Emit a verbatim copy of the lines below from the line with "Girl Taken by Diesel Mechanic Graphic Tee" through the line with "QQClive十年磨砺，2023升级重磅功能", excluding pictures and everything outside that range.

= RECORDS FOR THIS TASK =
----
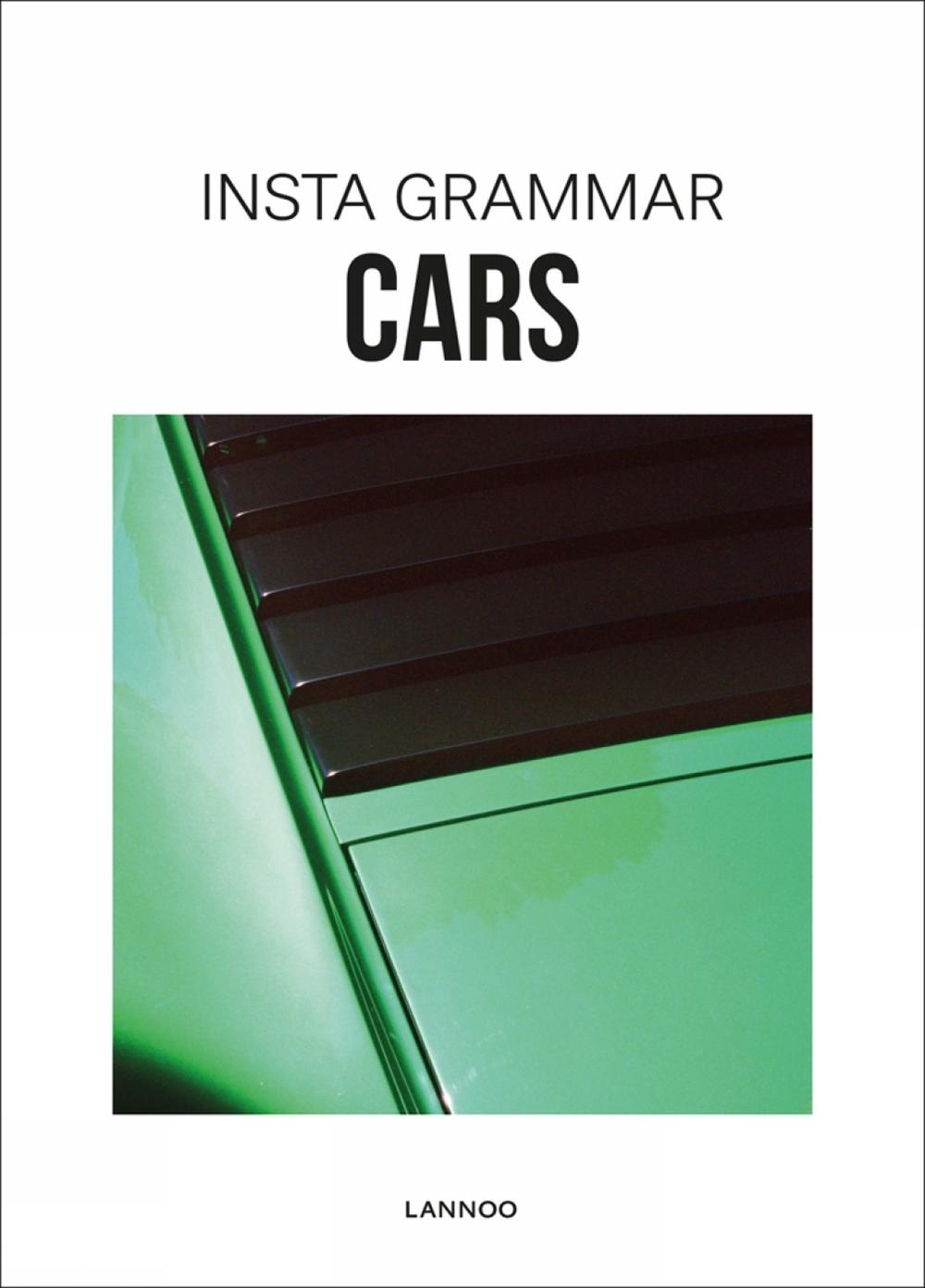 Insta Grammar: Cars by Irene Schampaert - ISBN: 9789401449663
----
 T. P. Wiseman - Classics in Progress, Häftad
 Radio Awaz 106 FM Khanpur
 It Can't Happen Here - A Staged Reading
----
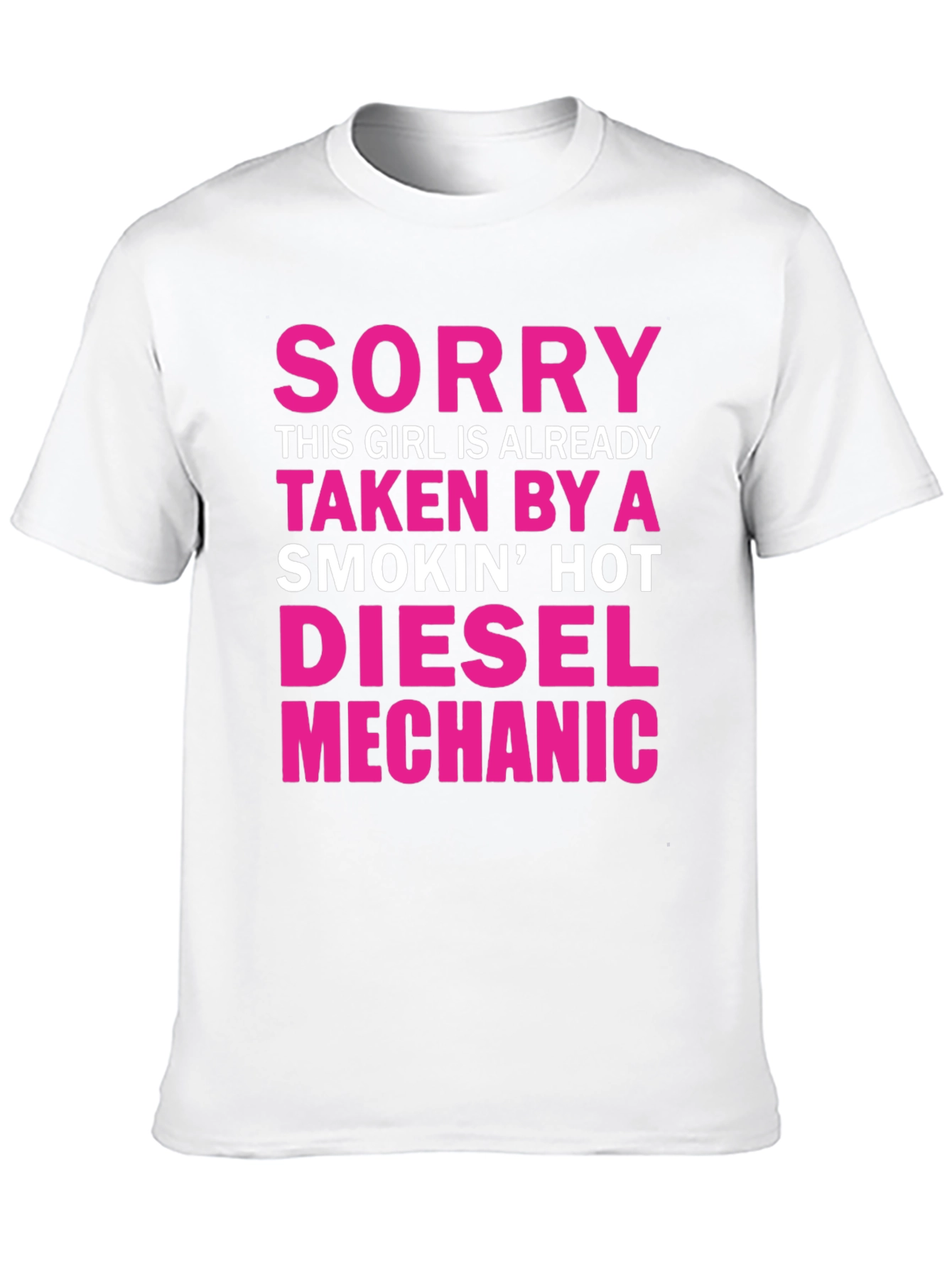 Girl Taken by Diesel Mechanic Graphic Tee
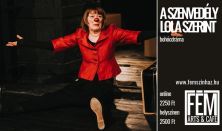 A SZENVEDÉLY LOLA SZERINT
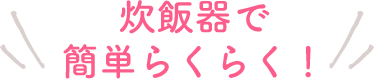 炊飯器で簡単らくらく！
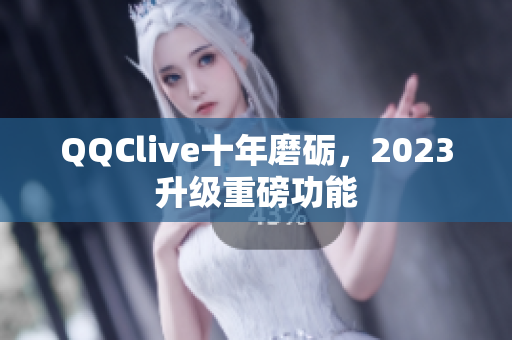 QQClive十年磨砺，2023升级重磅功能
----
= ANSWER FOR THE TASK =
 Girl Taken by Diesel Mechanic Graphic Tee
 A SZENVEDÉLY LOLA SZERINT
 炊飯器で簡単らくらく！
 QQClive十年磨砺，2023升级重磅功能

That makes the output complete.